The turn-over procedure has long been a familiar device employed in the administration of bankrupt estates. Hitherto its use has been confined to instances where it is claimed that a third person is withholding specific property alleged to belong to the estate of the bankrupt. Here the referee’s order literally stood the procedure on its head. Under the guise of what is termed “piercing the corporate veil,” the trustee was authorized to reach out and subject to the administration of the bankruptcy court assets admittedly never belonging to the bankrupt.

It is argued that MacKay interposed no timely objection and that he must be deemed to have consented to the referee’s exercise of summary jurisdiction. Assuming arguendo that his demurrer was not sufficiently explicit to reach the point, cf. Cline v. Kaplan, 323 U.S. 97, 65 S.Ct. 155, 89 L.Ed. 97; Honeyman v. Hughes, 9 Cir., 156 F.2d 27, and passing the question whether jurisdiction existed even in the absence of objection, we turn at once to the alleged merits of the case.

The referee found that the bankrupt was MacKay’s alter ego. The finding is without support in the record. The undisputed testimony shows the following state of facts: One Mauborgne was the proprietor of a pet shop. He saw an opportunity to acquire a small bird-cage manufacturing plant. MacKay, a retired geologist of some means, was friendly with Mauborgne and advanced the latter money to buy the plant. After the acquisition Mauborgne operated the plant as his own, MacKay occupying merely the status of a creditor. A few months later MacKay and Mauborgne, together with one or two others, incorporated the bird-cage enterprise under the name of Burlingame Products Co., Inc.

MacKay was not made an oflicer of this corporation.

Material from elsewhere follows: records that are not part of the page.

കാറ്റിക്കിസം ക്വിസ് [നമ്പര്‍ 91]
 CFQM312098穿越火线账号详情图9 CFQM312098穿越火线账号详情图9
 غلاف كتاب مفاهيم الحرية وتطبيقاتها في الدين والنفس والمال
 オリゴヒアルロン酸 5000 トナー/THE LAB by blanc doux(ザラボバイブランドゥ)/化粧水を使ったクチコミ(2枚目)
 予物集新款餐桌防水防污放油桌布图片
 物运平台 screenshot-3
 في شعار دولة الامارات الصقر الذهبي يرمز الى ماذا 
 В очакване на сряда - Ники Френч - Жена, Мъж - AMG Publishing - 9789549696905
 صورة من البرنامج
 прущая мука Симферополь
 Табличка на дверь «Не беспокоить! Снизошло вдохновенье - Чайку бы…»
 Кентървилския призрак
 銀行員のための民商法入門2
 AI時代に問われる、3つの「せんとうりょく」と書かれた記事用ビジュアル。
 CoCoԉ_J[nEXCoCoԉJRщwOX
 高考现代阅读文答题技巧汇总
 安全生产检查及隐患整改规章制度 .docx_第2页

Mauborgne was elected by the board of directors to be its president and one MacNeil, an acquaintance of MacKay’s, was selected as secretary-treasurer. Prior to the war MacKay had lived in Tahiti and he now returned to that place to resume his residence. He took no active part in the management of the corporate affairs, which seem not to have prospered while he was away. The corporation contracted debts and was ultimately adjudicated a bankrupt after having-made an assignment for the benefit of creditors. While' all this was going on MacKay was sojourning in Tahiti.

MacKay anticipated receiving some, perhaps the major part, of the corporate stock in return for the considerable sums he had advanced, but the obtaining of the necessary permit for the issuance of stock was neglected or deferred by the attorney who had attended to the details of incorporation, and no stock was actually issued. We are expected to believe that in some nebulous way this omission rendered Mac-Kay liable to the corporate creditors, none of whom, incidentally, was shown to have extended credit in reliance on MacKay’s connection with the enterprise. There is, in short, no charge or proof of fraud or imposition, and the record suggests no valid reason for saddling on MacKay the debts of the corporate bankrupt.

The order reversing the referee is affirmed.